- Mileh Location within Iran
- Coordinates: 36°25′06″N 52°26′21″E﻿ / ﻿36.41833°N 52.43917°E
- Country: Iran
- Province: Mazandaran
- County: Amol
- District: Dasht-e Sar
- Rural District: Dasht-e Sar-e Sharqi

Population (2016)
- • Total: 817
- Time zone: UTC+3:30 (IRST)

= Mileh =

Village in Mazandaran province, Iran

Mileh (ميله) (Note: Also romanized as Mīleh) is a village in Dasht-e Sar-e Sharqi Rural District (Note: Formerly Dasht-e Sar Rural District) of Dasht-e Sar District in Amol County, Mazandaran province, Iran.

==Demographics==
===Population===
At the time of the 2006 National Census, the village's population was 878 in 231 households, when it was in Dasht-e Sar Rural District (Note: Renamed Dasht-e Sar-e Sharqi Rural District) of Dabudasht District.

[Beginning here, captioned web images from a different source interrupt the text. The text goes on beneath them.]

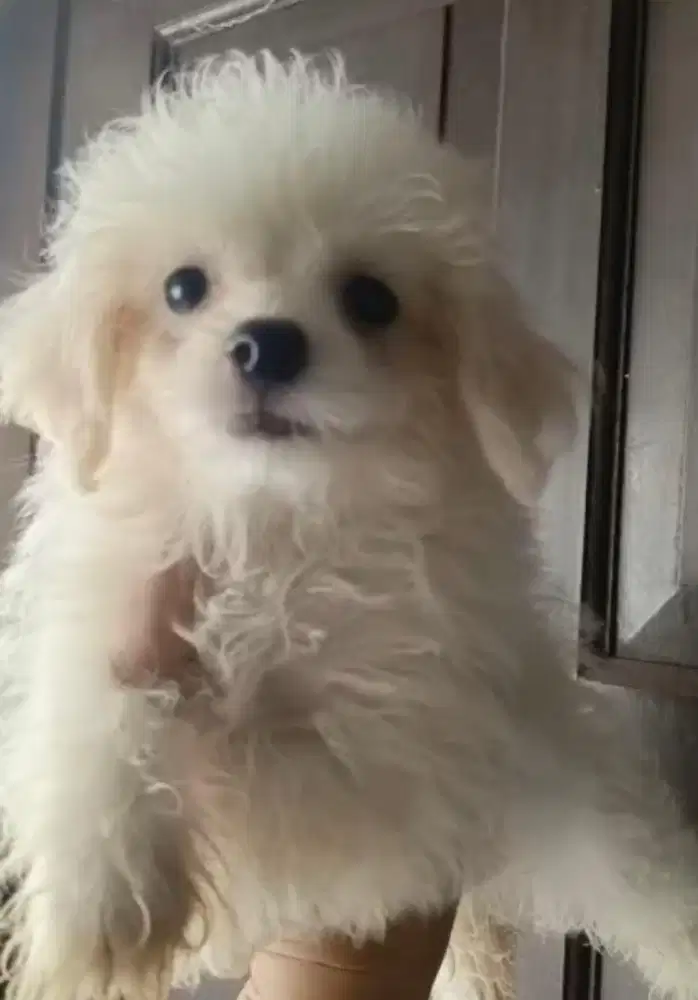 Anjing / puppies maltipoo jantan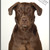 :iconandrewkumlerphoto: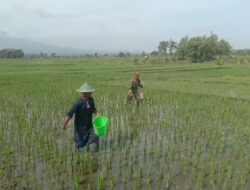 Turun Langsung Kesawah, Babinsa Karanganyar Bantu Proses Pemupukan dalam Program Ketahanan Pangan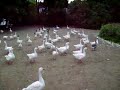 geese
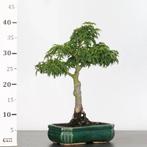 Bonsai Acer Palmatum Shishigashira - Très Rare, Enlèvement ou Envoi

The following census in 2011 counted 881 people in 258 households. The 2016 census measured the population of the village as 817 people in 276 households, by which time the rural district had been separated from the district in the formation of Dasht-e Sar District and renamed Dasht-e Sar-e Sharqi Rural District.

==Overview==
During the Abbasid period, Mileh served as a garrison town. It was the first stage on the road heading east from Amol to Sari, with the town of Barji being the next one.